About a year before deciding to go vegetarian, I started to be very interested in health and taking care of my body, so this decision felt like a natural next step. I felt it would help me. Then as we did some research, and I learned what it really means to be vegetarian and what it really means to be vegan, I decided why not go the extra step and be a full-on vegan? So I’ve been doing that the past year, and it has helped me a lot with my stomach. I don’t have stomach issues with food any more, which is a big thing.
I actually like eating different, more healthy foods. I like knowing there are different ways to eat. Probably the thing I like most is finding the things you can eat that you didn’t know about before and learning that they actually taste good. People think vegans eat dirt as their main food, but there are all kinds of things vegans eat. I like it.
I’m not hesitant to talk about my diet with others, but I don’t shout about being vegan from the rooftop. Friends sometimes ask me, “Why do you like that?” Most kids are not vegetarian, and especially not vegan, and for a guy it is really unusual. I tell them it helps me with my stomach, but that it is not just for my health—I do it because I want to. They don’t give me a hard time, but they think it is weird. Whether they like it or not doesn’t really impact me.
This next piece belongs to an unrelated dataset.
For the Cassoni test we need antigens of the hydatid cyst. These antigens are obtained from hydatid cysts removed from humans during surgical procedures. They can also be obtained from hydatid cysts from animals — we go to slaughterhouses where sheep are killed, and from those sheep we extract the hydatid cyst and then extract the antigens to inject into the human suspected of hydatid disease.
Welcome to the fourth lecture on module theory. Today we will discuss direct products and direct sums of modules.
I’m not tempted by animal foods, but I do miss ice cream. My dad likes to tempt me. He says he is trying to make sure I’m walking the walk. He has learned that I don’t cave in no matter how much he tries to get me to eat things I don’t eat any more, and he is actually very proud of me for doing what I feel is right and sticking by my decision. He even told me that he looks to me for strength to make some health decisions he has to make. My dad actually does a lot of the shopping and cooking, so my diet has impacted him almost more than me. My 13-year-old sister thinks I’m crazy, but she knows this diet has been good for me.
If I am tempted to eat something not good for me, I just tell myself to not eat it. You have to have good will power. It is not easy. You have to understand it is not easy. You have to stick to it. I feel better when I stick to it. I feel gross when I eat sugar or things that I usually don’t eat because of the diet. I can just tell.
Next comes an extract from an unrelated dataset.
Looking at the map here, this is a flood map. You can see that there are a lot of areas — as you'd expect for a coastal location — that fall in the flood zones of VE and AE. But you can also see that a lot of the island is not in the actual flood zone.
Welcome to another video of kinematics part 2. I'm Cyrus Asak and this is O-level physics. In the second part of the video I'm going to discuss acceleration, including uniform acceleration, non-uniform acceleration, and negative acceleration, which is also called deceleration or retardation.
When people read the Word of Wisdom, they mostly focus on the drinking and smoking part and then go right to the “run and not be weary” part, but they don’t pay attention to the part about eating herbs in season and not eating meat as much and eating meat in times of winter or times of famine. They skip the 7-8 verses about eating healthy. I don’t think the Word of Wisdom says “don’t eat meat, don’t eat dairy,” but I think it goes well with being vegan.
Besides helping me to keep healthy, being vegan has helped me be more active. I feel I have more energy when I’m swimming. I also think it helps me have a clear mind, and possibly stay more in tune with the Spirit. I am definitely more in tune with what my body needs. Because I feel so good, I can concentrate more on what is needed during the day.
My mom is very proud of me. She is glad I’m learning to take care of myself now while I’m still living at home. She believes that after I leave home, when I pray about what I should eat and how to fuel my body, the answers will come quicker because I am more in tune with what my body needs.
Michael Anderson, 16, lives in Logan, Utah and is a sophomore at Logan High, where he is on the Logan High swim team. Michael plays piano and viola. He loves to spend time with friends, compose music, and talk to his lab, Libby.